El reporte cumple su función: muestra el atraso, la diferencia, el vencimiento o el consumo fuera de lo previsto. Lo que ocurre después no está en el tablero. Alguien tiene que mirar el número, entender qué lo produjo, resolver si corresponde actuar, pedirle la corrección a quien puede hacerla y verificar que el resultado quedó registrado donde importa.
Ese tramo suele repartirse entre un comité mensual, un acta con acuerdos y una lista de pendientes que sobrevive hasta la reunión siguiente. El mismo desvío reaparece en el informe del período, sin que nadie pueda reconstruir si se revisó, si se decidió algo o si simplemente volvió a pasar.
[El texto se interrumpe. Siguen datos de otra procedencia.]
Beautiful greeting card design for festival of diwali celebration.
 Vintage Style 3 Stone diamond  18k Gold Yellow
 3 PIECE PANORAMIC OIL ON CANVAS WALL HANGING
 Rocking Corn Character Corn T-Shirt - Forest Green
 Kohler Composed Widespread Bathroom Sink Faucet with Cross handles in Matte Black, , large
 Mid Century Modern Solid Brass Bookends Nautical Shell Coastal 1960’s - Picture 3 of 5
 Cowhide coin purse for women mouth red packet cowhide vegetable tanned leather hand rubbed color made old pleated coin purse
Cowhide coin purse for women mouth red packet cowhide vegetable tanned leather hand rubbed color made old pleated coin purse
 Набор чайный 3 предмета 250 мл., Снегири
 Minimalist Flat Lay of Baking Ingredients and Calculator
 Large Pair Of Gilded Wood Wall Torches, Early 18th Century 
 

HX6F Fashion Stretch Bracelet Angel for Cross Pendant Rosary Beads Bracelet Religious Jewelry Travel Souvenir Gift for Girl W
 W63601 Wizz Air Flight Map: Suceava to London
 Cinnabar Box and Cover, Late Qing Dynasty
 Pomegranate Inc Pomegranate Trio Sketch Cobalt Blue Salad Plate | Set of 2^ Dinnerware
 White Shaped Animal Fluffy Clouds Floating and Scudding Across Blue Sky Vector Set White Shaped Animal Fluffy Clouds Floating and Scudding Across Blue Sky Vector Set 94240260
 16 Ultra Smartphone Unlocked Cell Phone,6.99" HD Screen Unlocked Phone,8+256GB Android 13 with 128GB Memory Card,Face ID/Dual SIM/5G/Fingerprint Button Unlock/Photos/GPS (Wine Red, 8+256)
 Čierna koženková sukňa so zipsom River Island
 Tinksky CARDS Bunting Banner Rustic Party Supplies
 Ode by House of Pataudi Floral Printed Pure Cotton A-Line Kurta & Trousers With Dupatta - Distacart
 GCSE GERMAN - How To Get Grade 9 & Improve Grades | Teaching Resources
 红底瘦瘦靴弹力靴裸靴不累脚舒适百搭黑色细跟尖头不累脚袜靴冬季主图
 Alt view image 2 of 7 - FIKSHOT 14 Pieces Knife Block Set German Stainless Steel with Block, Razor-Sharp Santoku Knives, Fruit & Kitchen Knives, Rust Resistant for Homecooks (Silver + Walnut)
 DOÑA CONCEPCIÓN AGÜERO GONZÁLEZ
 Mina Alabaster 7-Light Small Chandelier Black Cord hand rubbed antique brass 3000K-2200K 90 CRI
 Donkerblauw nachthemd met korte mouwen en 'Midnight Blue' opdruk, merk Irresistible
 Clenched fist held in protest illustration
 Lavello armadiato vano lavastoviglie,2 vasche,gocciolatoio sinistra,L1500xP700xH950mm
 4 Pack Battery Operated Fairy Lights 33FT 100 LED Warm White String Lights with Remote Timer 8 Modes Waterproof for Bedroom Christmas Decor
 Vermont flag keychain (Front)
El seguimiento posterior se arma con lo que hay a mano: el informe en Microsoft Power BI o en la herramienta de reporting corporativa que muestra el desvío, una planilla de Microsoft Excel donde alguien copia los casos del mes para no perderlos, y correo para pedir la explicación al área responsable. Cada pieza cumple su función y ninguna deja constancia de quién quedó a cargo del desvío, qué se resolvió y con qué evidencia se dio por cerrado.
Aun cuando el dato sea correcto, el reporte no asigna ni verifica la respuesta. Lo que falta es que alguien tome el desvío, resuelva qué hacer y lo cierre con evidencia.